DATA RECORDS:
....
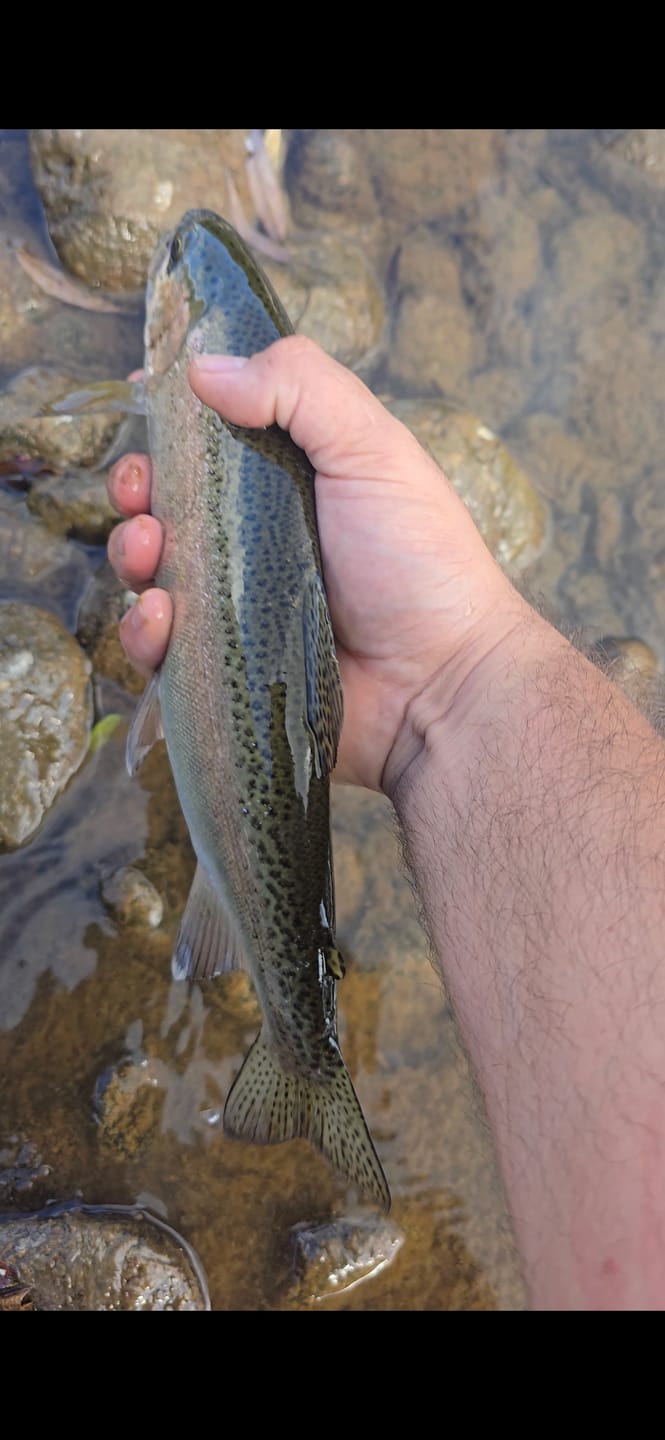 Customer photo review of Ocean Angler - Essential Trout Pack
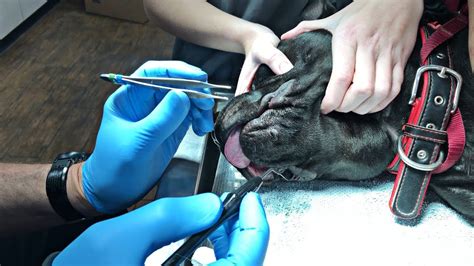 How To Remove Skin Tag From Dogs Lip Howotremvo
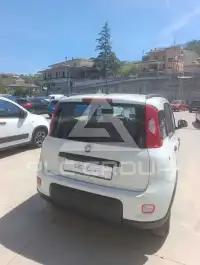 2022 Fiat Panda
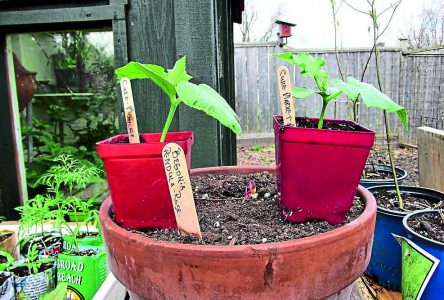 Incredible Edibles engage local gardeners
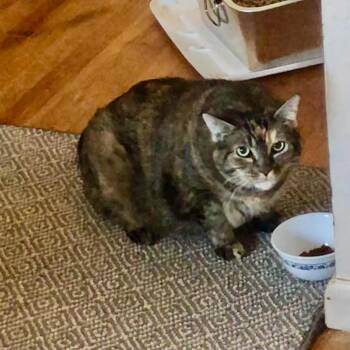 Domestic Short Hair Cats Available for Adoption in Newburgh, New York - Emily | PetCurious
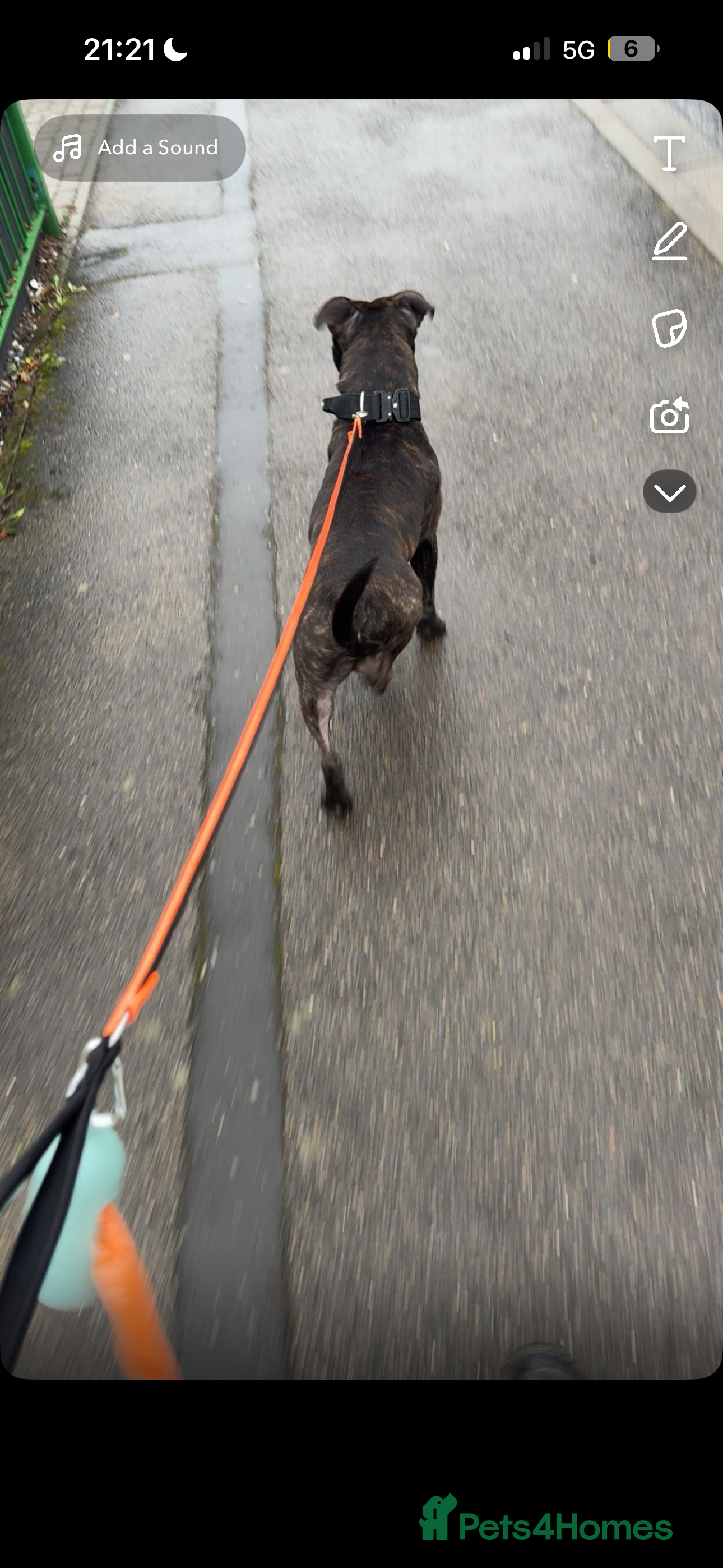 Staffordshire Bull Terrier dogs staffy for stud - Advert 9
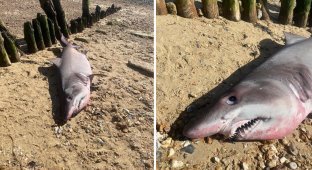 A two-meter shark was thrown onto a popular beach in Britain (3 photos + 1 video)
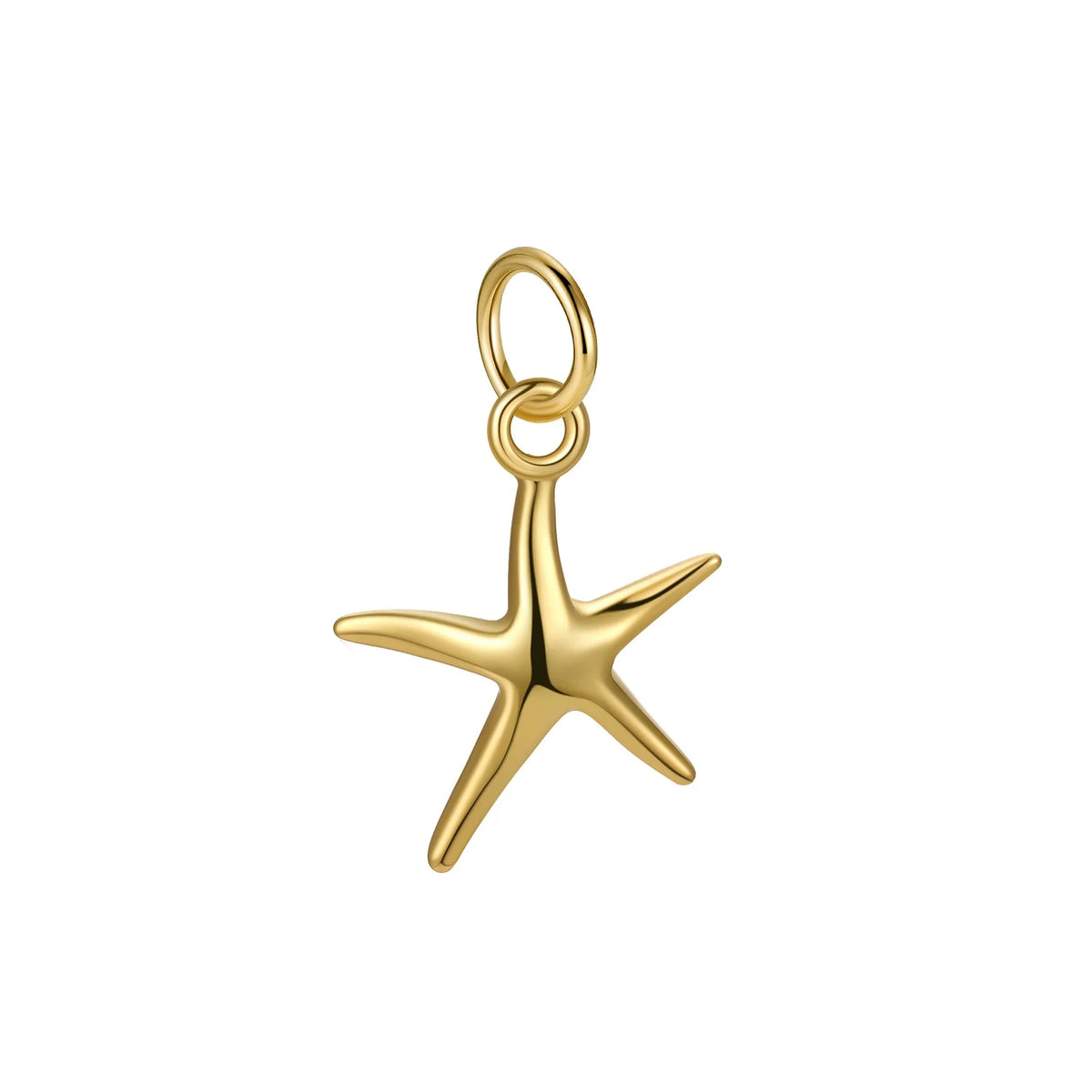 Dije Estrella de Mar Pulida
....
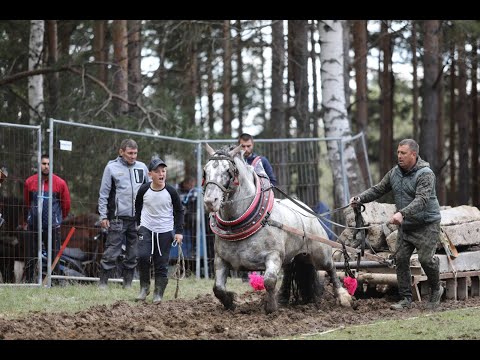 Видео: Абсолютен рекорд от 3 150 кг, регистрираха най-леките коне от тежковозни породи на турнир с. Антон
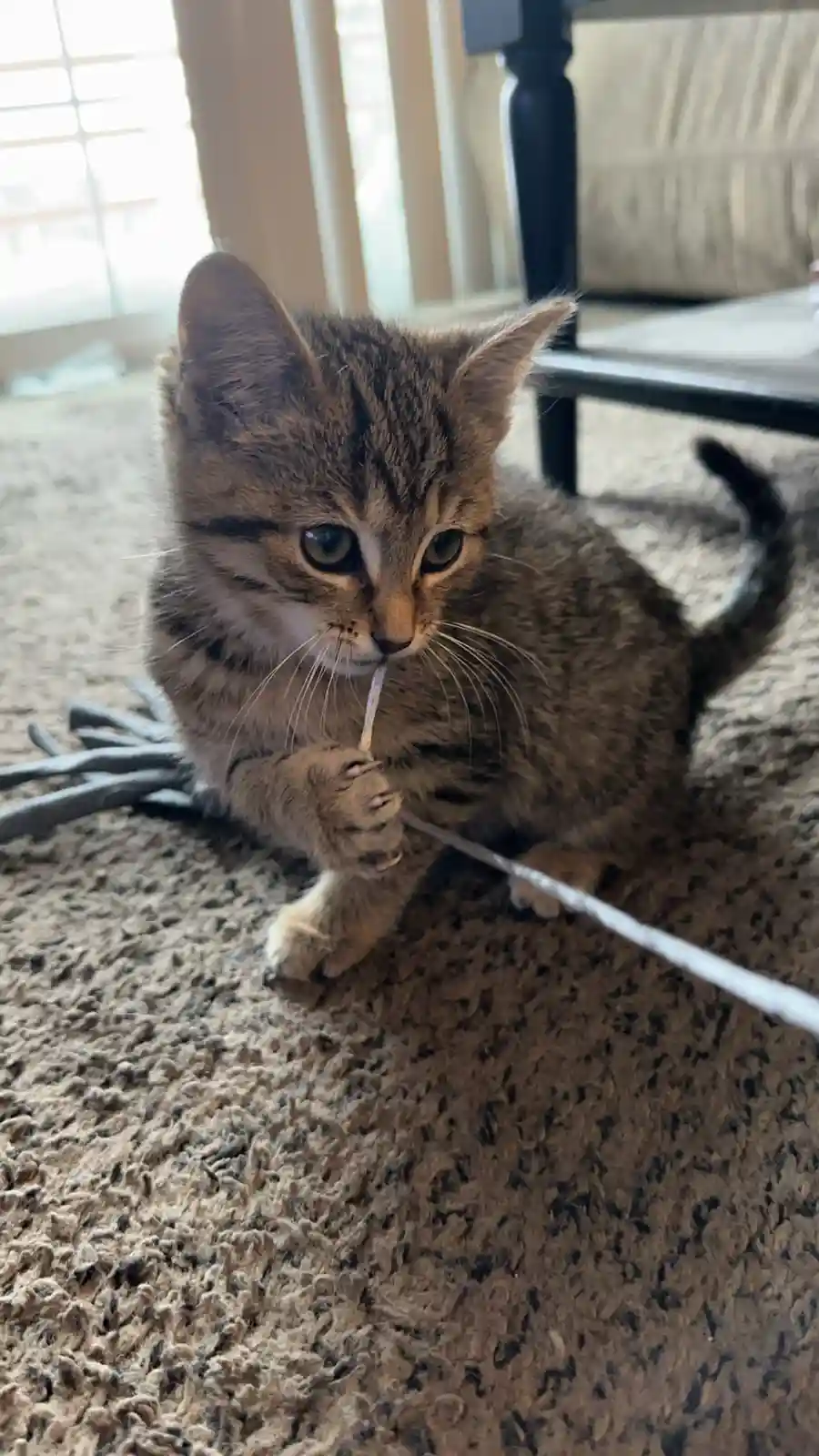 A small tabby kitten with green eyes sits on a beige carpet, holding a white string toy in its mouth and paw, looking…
....
DESCRIPTION OF THE TASK: Reproduce exactly, with no pictures, the lines above from the one holding "Incredible Edibles engage local gardeners" to the one holding "Staffordshire Bull Terrier", inclusive.

TASK SOLUTION:
 Incredible Edibles engage local gardeners
 Domestic Short Hair Cats Available for Adoption in Newburgh, New York - Emily | PetCurious
 Staffordshire Bull Terrier dogs staffy for stud - Advert 9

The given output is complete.